Naharnet

Report: Hizbullah Drone Renews Hariri Investigation Interest in Israeli Link to Crime

Hizbullah chief Sayyed Hassan Nasrallah's acknowledgment of the party's possession of a drone has renewed interest in the possible Israeli involvement in the 2005 assassination of former Prime Minister Rafik Hariri, reported the daily An Nahar on Sunday.

Sources following the investigation noted to the daily Nasrallah's 2010 conference during which he presented images obtained from Israeli drones that followed the slain former premier's travel route in Lebanon.

He had stated during the August 9, 2010, conference that Hizbullah technicians succeeded in breaking the code of the drones and obtain the images they had photographed.

The investigation team in Hariri's murder had demanded that Hizbullah present this “evidence” to the Special Tribunal for Lebanon, but the party had refused under the excuse that it does not recognize the international investigation, said the sources.

The party is still awaiting that the Lebanese judiciary look into Hariri's assassination, they added.

It had also presented a copy of Nasrallah's press conference to then General Prosecutor Saeed Mirza who in turn handed it over to then STL Prosecutor Judge Daniel Bellemare, they continued.

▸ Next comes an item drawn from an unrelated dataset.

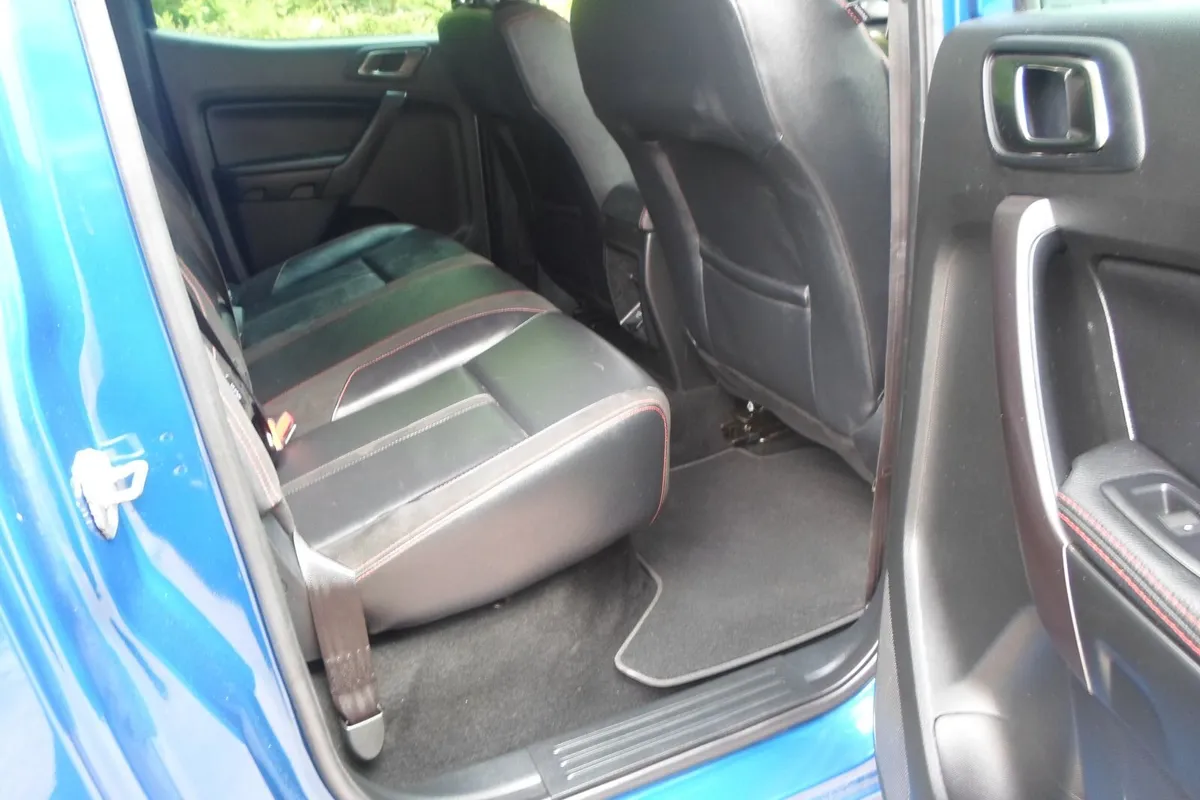 Ford Ranger 2022 - Image 4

An Nahar reported that Israel had once acknowledged that Hizbullah could infiltrate its drones, but only those produced before 1997.

The Israeli authorities said that the images presented by Nasrallah in his August 2010 press conference were taken during different dates and possibly from the internet.

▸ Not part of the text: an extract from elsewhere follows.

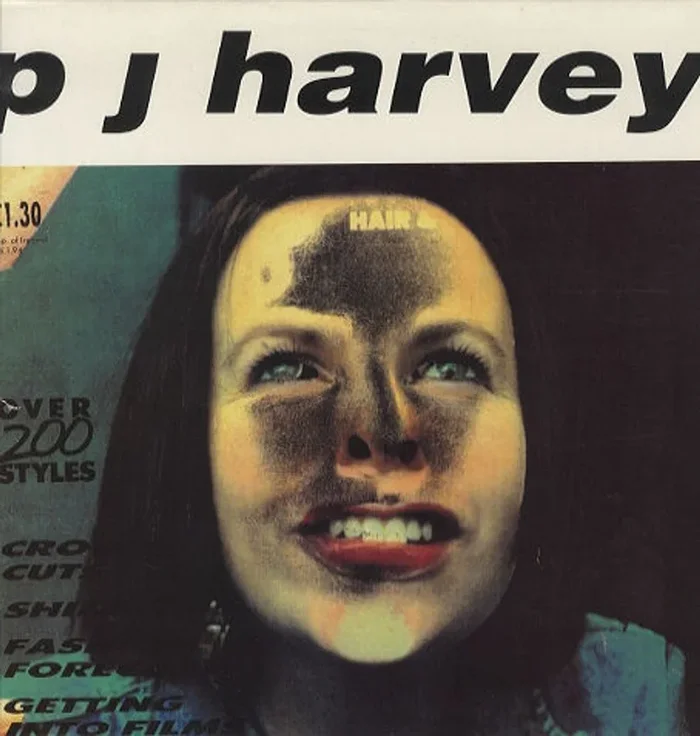 P.J. Harvey Sheela-na-gig UK 12 ” vinyl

It is not unlikely that the international investigation would request information from various countries on Hizbullah's drone, the sources told the daily.

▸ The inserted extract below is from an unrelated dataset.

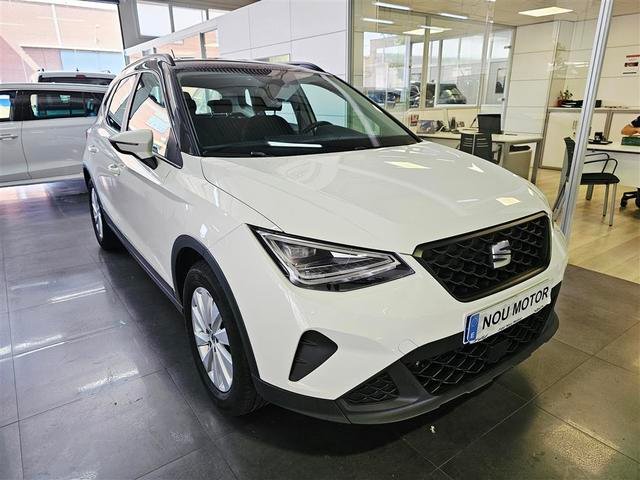 SEAT Arona 2022, foto 3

During the August press conference, Nasrallah showed several clips, each minutes long and undated, showing aerial views of the coastline off west Beirut on various days prior to the Hariri assassination.

Nasrallah, who has accused Israel of the February 14, 2005 bombing which killed Hariri and 22 other people, said the footage was intercepted from Israeli MK surveillance aircraft.

Hizbullah's chief said the images were not "conclusive evidence" but noted that his party had no offices, positions or presence in the areas under surveillance that could have been of interest to its Israeli foes.

The alleged Israeli cameras panned across the Hamra district, Hariri's residences in west Beirut and parliament, his last stop before the killing in a seafront bomb blast.